Xihui Liu, UC Berkeley: “From Perception to Imagination: Vision-Language Cross-Modal Understanding and Generation”

Position: Postdoctoral Scholar

Current Institution: UC Berkeley

Abstract: From Perception to Imagination: Vision-Language Cross-Modal Understanding and Generation

Thanks to the fast evolution of deep learning algorithms hardware and large-scale datasets the past decade has witnessed rapid progress in both computer vision and natural language processing. While most previous research mainly focuses on the visual modality or language modality separately bridging vision and language is a fundamental and challenging problem that remains underexplored. Cross-modal vision-language research is important for bridging visual and semantic information. It also has various applications for future intelligent systems such as human-robot interaction. I address this problem from two perspectives: cross-modal understanding and cross-modal generation. Firstly traditional visual perception research mostly focuses on classification detection or segmentation with a closed label set. To enable more intelligent visual systems beyond closed-set labels we explore the integration of language and vision for better cross-modal understanding. We first explore a novel cross-modal attention-guided erasing approach for referring expression grounding where we aim at locating an object from an image with the natural language instruction. Then we introduce a method that incorporates cross-modal interaction into text-image retrieval. Secondly the ability to generate images and language is attracting more and more attention. We explore cross-modal generation between images and language. Image captioning aims at generating text describing a certain image. We first propose a novel approach to encourage discriminative and diverse image captions generated by the image captioning system. On the other hand we investigate the challenging problem of manipulating images based on language instructions. We propose a novel framework named Open-Edit which takes advantage of the visual-semantic embedding space for open-vocabulary open-domain image editing. We also propose a new approach for semantic image synthesis which can better exploit the semantic information for synthesizing images.

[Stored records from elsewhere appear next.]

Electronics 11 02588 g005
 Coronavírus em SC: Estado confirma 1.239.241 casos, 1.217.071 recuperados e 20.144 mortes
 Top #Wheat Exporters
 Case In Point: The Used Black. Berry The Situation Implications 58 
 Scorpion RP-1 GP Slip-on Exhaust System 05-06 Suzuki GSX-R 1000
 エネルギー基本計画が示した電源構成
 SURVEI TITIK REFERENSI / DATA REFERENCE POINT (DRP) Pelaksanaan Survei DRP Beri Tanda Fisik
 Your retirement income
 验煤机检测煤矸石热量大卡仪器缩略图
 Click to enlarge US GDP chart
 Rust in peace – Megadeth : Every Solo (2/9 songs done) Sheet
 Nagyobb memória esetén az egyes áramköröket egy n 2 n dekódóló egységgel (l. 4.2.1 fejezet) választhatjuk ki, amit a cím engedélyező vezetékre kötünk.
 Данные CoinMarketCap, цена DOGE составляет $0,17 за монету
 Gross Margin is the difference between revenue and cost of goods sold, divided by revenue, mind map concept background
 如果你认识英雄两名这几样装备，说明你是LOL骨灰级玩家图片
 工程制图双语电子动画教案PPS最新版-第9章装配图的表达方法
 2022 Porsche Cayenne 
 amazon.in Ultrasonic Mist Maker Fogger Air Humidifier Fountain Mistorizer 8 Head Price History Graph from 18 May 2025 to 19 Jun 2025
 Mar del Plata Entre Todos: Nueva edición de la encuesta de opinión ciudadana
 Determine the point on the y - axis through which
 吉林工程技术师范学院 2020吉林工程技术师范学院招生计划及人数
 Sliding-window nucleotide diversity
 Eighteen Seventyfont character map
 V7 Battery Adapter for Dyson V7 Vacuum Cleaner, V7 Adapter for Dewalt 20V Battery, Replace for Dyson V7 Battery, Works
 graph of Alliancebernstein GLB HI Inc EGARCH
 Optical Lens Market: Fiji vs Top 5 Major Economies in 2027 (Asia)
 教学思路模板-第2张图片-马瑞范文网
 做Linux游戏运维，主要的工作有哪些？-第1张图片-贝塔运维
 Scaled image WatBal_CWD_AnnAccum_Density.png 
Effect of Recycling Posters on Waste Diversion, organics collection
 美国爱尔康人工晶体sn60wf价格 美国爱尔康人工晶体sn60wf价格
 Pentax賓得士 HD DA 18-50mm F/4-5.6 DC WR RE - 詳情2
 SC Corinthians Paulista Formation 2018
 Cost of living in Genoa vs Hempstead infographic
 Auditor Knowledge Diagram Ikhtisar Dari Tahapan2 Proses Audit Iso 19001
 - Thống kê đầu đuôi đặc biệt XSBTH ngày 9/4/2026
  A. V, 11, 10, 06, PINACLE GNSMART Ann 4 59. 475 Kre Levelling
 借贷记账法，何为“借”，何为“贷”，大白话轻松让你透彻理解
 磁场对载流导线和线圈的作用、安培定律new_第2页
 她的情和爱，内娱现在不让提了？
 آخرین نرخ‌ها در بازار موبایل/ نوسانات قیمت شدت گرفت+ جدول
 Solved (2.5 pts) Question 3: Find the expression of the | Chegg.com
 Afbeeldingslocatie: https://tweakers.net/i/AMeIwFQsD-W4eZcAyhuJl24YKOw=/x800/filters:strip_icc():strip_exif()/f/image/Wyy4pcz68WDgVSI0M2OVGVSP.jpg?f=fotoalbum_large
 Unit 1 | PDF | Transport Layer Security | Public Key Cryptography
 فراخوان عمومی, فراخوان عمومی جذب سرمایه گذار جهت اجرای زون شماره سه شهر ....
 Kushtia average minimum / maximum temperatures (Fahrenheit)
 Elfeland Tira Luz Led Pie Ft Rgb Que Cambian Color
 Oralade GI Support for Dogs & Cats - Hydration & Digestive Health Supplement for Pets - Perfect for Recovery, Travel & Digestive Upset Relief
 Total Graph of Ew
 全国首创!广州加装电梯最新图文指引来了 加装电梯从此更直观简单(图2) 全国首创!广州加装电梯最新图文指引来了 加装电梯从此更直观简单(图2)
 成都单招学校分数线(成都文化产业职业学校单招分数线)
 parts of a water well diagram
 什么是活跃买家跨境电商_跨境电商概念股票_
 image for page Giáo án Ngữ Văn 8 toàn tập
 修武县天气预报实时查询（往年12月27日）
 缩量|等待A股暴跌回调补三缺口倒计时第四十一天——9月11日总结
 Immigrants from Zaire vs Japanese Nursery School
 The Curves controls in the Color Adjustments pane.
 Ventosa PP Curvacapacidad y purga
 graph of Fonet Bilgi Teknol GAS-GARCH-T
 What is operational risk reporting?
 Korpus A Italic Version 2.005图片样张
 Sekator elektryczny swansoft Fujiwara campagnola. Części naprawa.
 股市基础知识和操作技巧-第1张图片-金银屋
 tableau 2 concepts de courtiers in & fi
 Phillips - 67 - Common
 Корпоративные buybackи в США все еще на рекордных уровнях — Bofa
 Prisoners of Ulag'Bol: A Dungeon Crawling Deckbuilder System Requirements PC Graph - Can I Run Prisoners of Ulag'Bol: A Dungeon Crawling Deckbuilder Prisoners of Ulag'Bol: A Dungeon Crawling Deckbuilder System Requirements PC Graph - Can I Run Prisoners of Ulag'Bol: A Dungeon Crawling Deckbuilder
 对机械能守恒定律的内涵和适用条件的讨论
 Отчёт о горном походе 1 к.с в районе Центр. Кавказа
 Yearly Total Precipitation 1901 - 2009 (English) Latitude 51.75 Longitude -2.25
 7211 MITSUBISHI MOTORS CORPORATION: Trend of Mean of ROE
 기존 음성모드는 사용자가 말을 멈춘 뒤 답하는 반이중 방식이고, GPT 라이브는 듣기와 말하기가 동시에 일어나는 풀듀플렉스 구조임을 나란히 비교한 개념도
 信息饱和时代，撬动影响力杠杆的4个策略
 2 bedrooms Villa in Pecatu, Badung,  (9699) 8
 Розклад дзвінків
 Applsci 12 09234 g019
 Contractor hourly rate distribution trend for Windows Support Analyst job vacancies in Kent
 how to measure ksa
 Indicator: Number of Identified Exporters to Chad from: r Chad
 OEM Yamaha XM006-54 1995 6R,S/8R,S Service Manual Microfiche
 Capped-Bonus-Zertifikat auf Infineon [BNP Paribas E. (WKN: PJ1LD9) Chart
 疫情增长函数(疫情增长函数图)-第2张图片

Xihui Liu is a postdoc scholar at UC Berkeley advised by Prof. Trevor Darrell. Previously she obtained her Ph.D. degree in July 2021 from The Chinese University of Hong Kong supervised by Prof. Xiaogang Wang and Prof. Hongsheng Li. She obtained her bachelor’s degree from Tsinghua University in 2017. Her research interests include computer vision and deep learning with a special emphasis in cross-modal language and vision and image/video synthesis and editing. She has interned in Adobe Research and NVIDIA Research in 2019 and 2020 respectively. She was awarded Adobe Research Fellowship 2020 CVPR 2019 outstanding reviewer award and ICLR2021 outstanding reviewer award.